[<prev] [next>] [<thread-prev] [thread-next>] [day] [month] [year] [list]
Message-ID: <07f23e5e-2747-b0bc-1b93-f83f3982649a@amd.com>
Date: Wed, 15 Nov 2017 13:04:03 -0600
From: "Natarajan, Janakarajan" <Janakarajan.Natarajan@....com>
To: Borislav Petkov <bp@...e.de>
Cc: kvm@...r.kernel.org, x86@...nel.org, linux-kernel@...r.kernel.org,
Thomas Gleixner <tglx@...utronix.de>,
Ingo Molnar <mingo@...hat.com>,
"H . Peter Anvin" <hpa@...or.com>,
Paolo Bonzini <pbonzini@...hat.com>,
Radim Krcmar <rkrcmar@...hat.com>,
Len Brown <len.brown@...el.com>, Kyle Huey <me@...ehuey.com>,
Kan Liang <Kan.liang@...el.com>,
Grzegorz Andrejczuk <grzegorz.andrejczuk@...el.com>,
Tom Lendacky <thomas.lendacky@....com>,
Tony Luck <tony.luck@...el.com>
Subject: Re: [PATCH v2 3/4] Add support for AMD Core Perf Extension in guest
On 11/9/2017 12:34 PM, Borislav Petkov wrote:
>> Subject: Re: [PATCH v2 3/4] Add support for AMD Core Perf Extension in guest
> Btw, your subjects need a prefix:
>
> "x86/kvm: Add guest support for the AMD core performance counters"
>
> for example.
Okay.
> On Mon, Nov 06, 2017 at 11:44:25AM -0600, Janakarajan Natarajan wrote:
>> This patch adds support for AMD Core Performance counters in the guest.
> Never say "This patch" in the commit message of a patch. It is
> tautologically useless.
Okay.
>> The base event select and counter MSRs are changed. In addition, with
>> the core extension, there are 2 extra counters available for performance
>> measurements for a total of 6.
>>
>> With the new MSRs, the logic to map them to the gp_counters[] is changed.

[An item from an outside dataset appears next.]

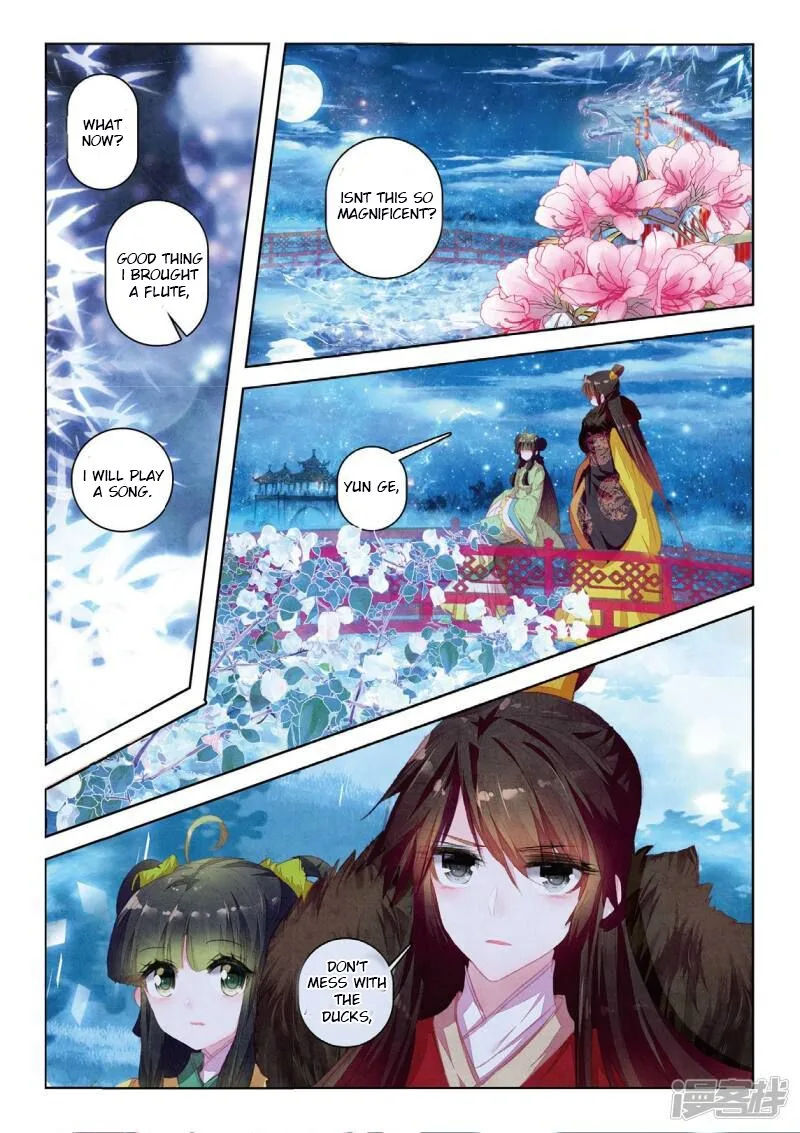 Song in Cloud Chapter 34 page 22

>> New functions are introduced to get the right base MSRs and to check the
>> validity of the get/set MSRs.
>>
>> If the guest has vcpus of either family 16h or a generation < 15h, it
> You're only talking about families here, the "generation" thing is
> confusing.
I'll change that.
>> falls back to using K7 MSRs and the number of counters the guest can
>> access is set to 4.
>>
>> Signed-off-by: Janakarajan Natarajan <Janakarajan.Natarajan@....com>
>> ---
>> arch/x86/kvm/pmu_amd.c | 133 +++++++++++++++++++++++++++++++++++++++++++------
>> arch/x86/kvm/x86.c | 1 +
>> 2 files changed, 120 insertions(+), 14 deletions(-)
> ...
>
>> +static inline struct kvm_pmc *get_gp_pmc_amd(struct kvm_pmu *pmu, u32 msr,
>> + enum pmu_type type)
>> +{
>> + unsigned int base = get_msr_base(pmu, type);
>> +
>> + if (base == MSR_F15H_PERF_CTL) {
>> + switch (msr) {
>> + case MSR_F15H_PERF_CTL0:
>> + case MSR_F15H_PERF_CTL1:
>> + case MSR_F15H_PERF_CTL2:
>> + case MSR_F15H_PERF_CTL3:
>> + case MSR_F15H_PERF_CTL4:
>> + case MSR_F15H_PERF_CTL5:
>> + /*
>> + * AMD Perf Extension MSRs are not continuous.
>> + *
>> + * E.g. MSR_F15H_PERF_CTR0 -> 0xc0010201
>> + * MSR_F15H_PERF_CTR1 -> 0xc0010203
>> + *
>> + * These are mapped to work with gp_counters[].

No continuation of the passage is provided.